Charlotte attorney Jim Cooney agrees. Rather than check the power of government, grand juries have become a prosecutor’s ally, he said, “that hands out indictments like they’re boxes of popcorn.”
Read more here: http://www.charlotteobserver.com/...
It's the next paragraph that stopped me cold.
To be sure, last week’s Mecklenburg grand jury handled dozens of routine cases that didn’t require much testimony or discussion. But the group also dealt with the more complicated decision on whether to indict Kerrick, who was arrested Sept. 14 in connection with the shooting death of Jonathan Ferrell, who was unarmed.
Hold on. WTF is a "routine case?" We're talking life-altering felony indictments here, not traffic tickets. How can any case be "routine" when only one side's evidence is being heard, and the whole thing is a secret anyway?
Cheshire, who represented the defense in the infamous Duke Lacrosse Case, said
the workload is “absolutely normal” across North Carolina.
“A lot of innocent people get indicted. Lots of people guilty of crimes are indicted on something else and the public is under the misguided impression that it means something,” he said.
Read more here: http://www.charlotteobserver.com/...

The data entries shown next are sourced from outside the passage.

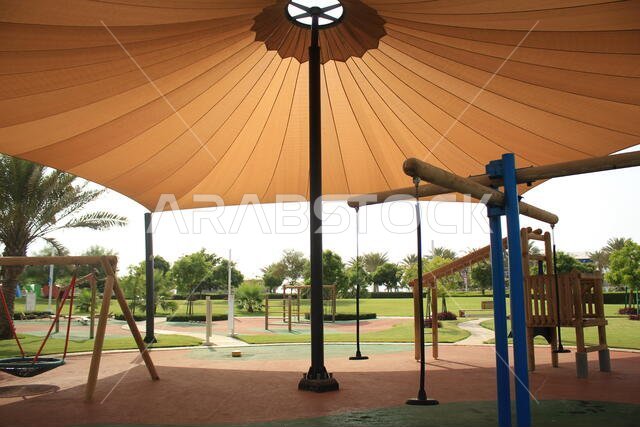 A Modern Design for Kids and Childrens Playing Area with big Tent on Poles to give shade with Trees and Nature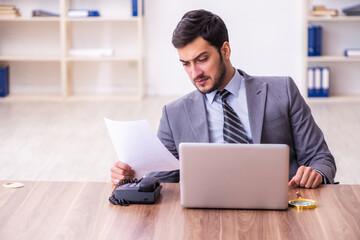 Young handsome businessman employee working in the office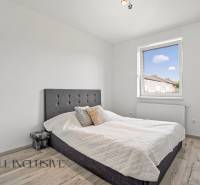 Schlafzimmer im Einfamilienhaus mit einfachem Bett und Fenster, helle Holzböden.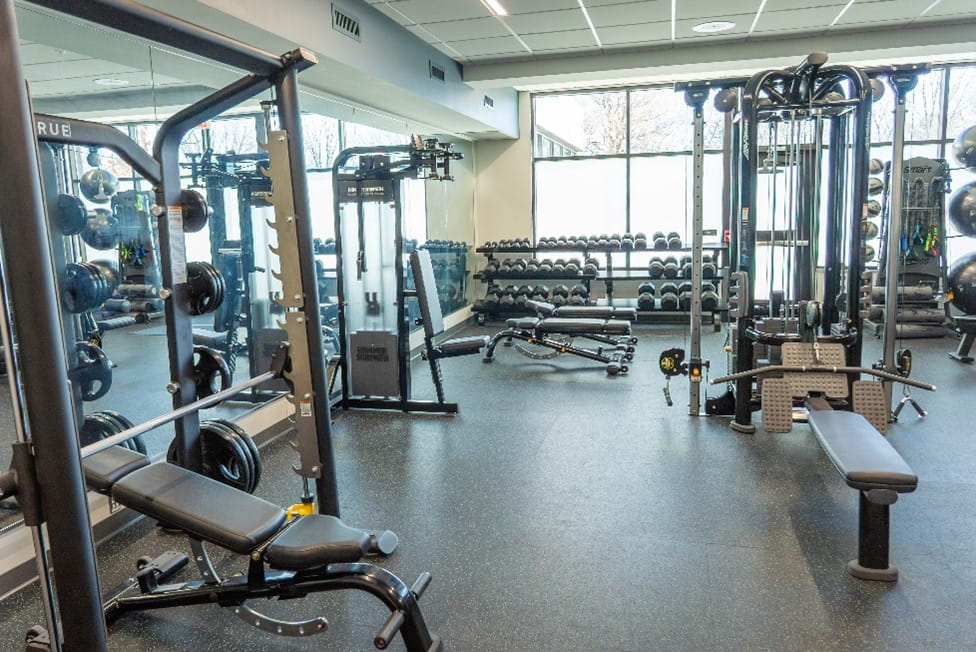 A fitness center with weight lifting equipment.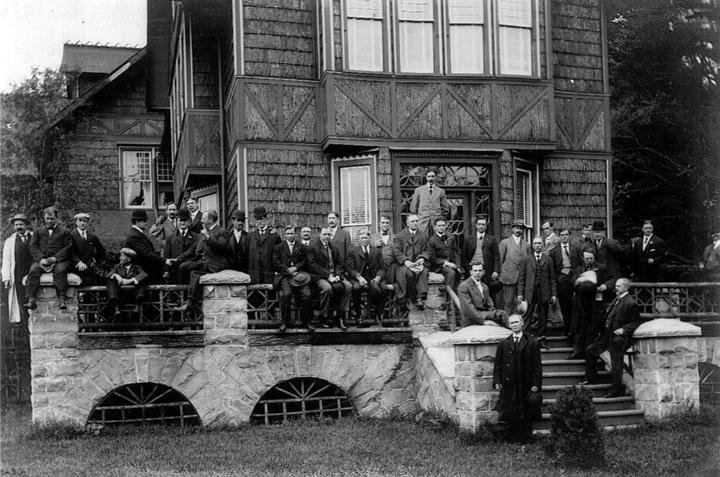 A large group of men in formal suits posing for a photograph in front of the Bischwind Villa, a multi-story house with a stone foundation.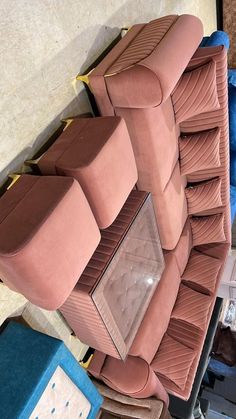 an upholstered pink couch and chair in a room with blue boxes on the floor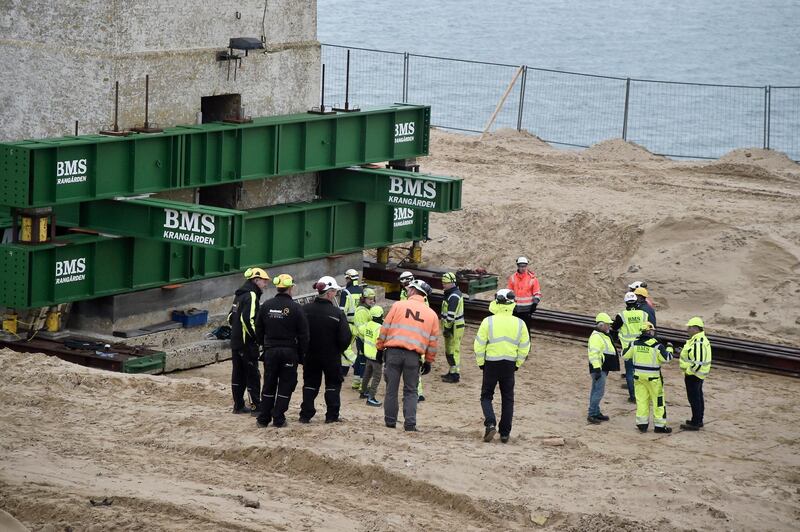 Workers prepare the Rubjerg Knude Lighthouse to be moved on rails in Jutland, Denmark.  EPA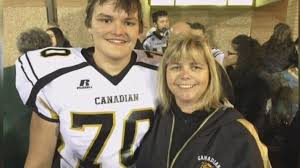 Tom Brown is pictured, smiling, with his mother.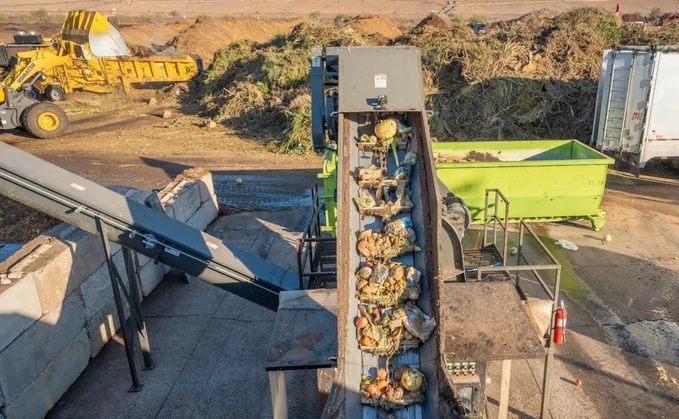 Food enters a Denali depackaging machine, where mechanical processes will separate plastic and cardboard containers from their organic contents / Credit: Denali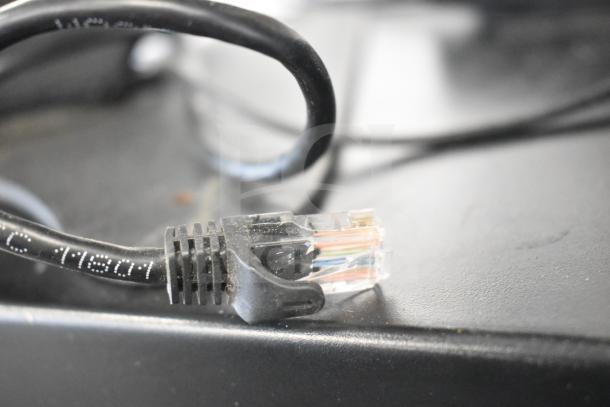 Close-up of a POS system cable with visible wiring and imprinted code "41801," part of a system including cash drawers, printer, and monitor.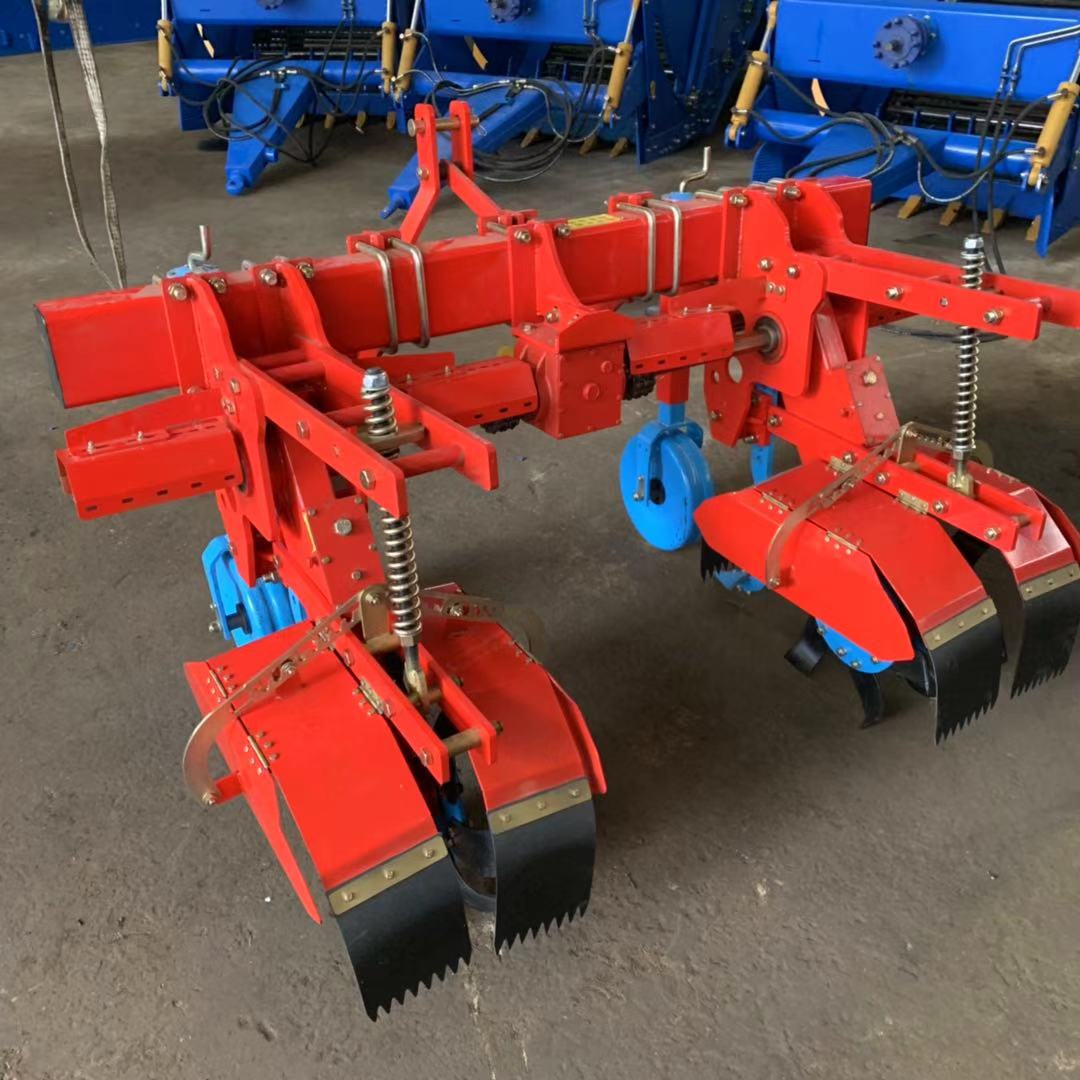Workshop front view — side-throw hoods and gauge wheels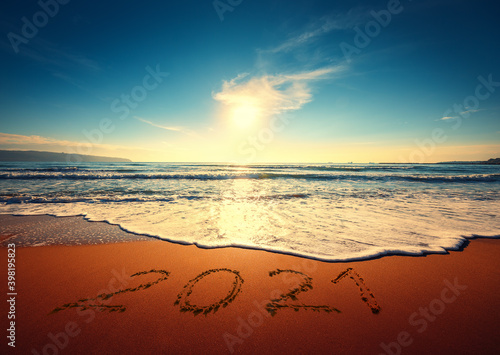 Beautiful sunrise over the sea. Happy New Year 2021 written on seashore.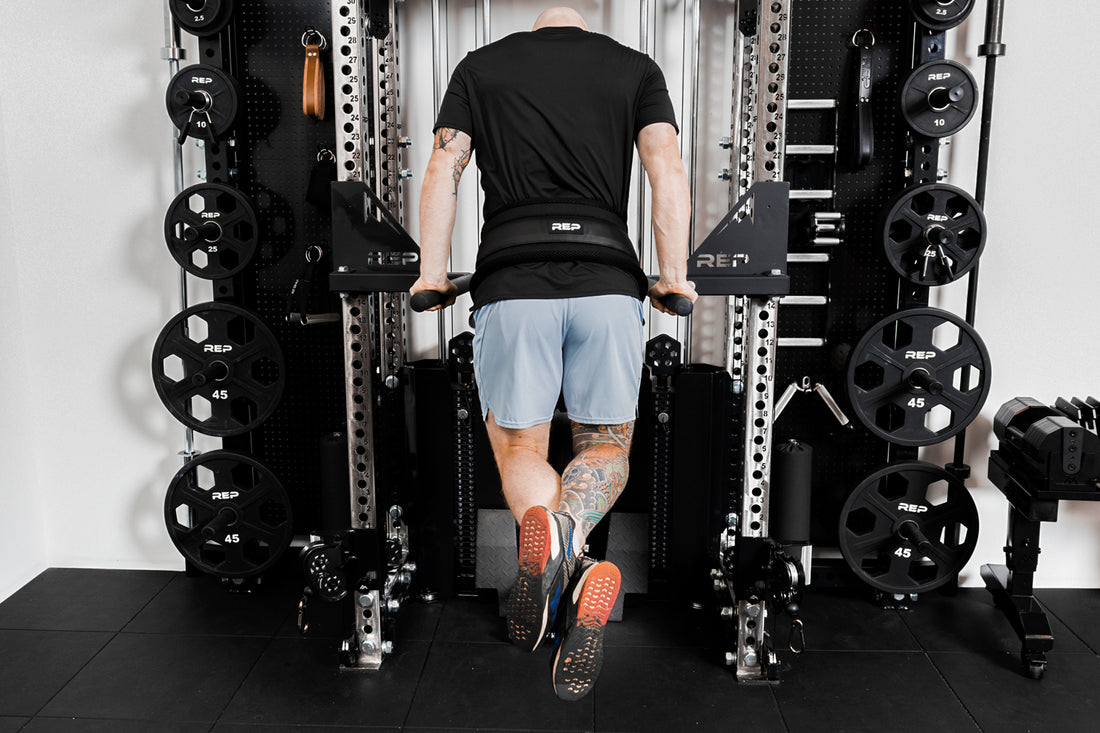 Person using belt squat belt for weighted dips
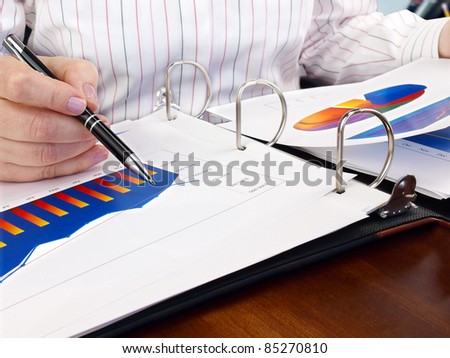 Businesswoman hand with pen on the investment chart.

Disclaimer: Please note that this case is extremely complicated, and I am neither a lawyer nor a professional journalist. My intention is to get more eyes on an important case that happened in my own community, that has become a national story with implications for every American. All quoted material is linked. I encourage those interested to see the full text and accompanying videos for greater perspective. Expert commentary and constructive criticism are always welcome!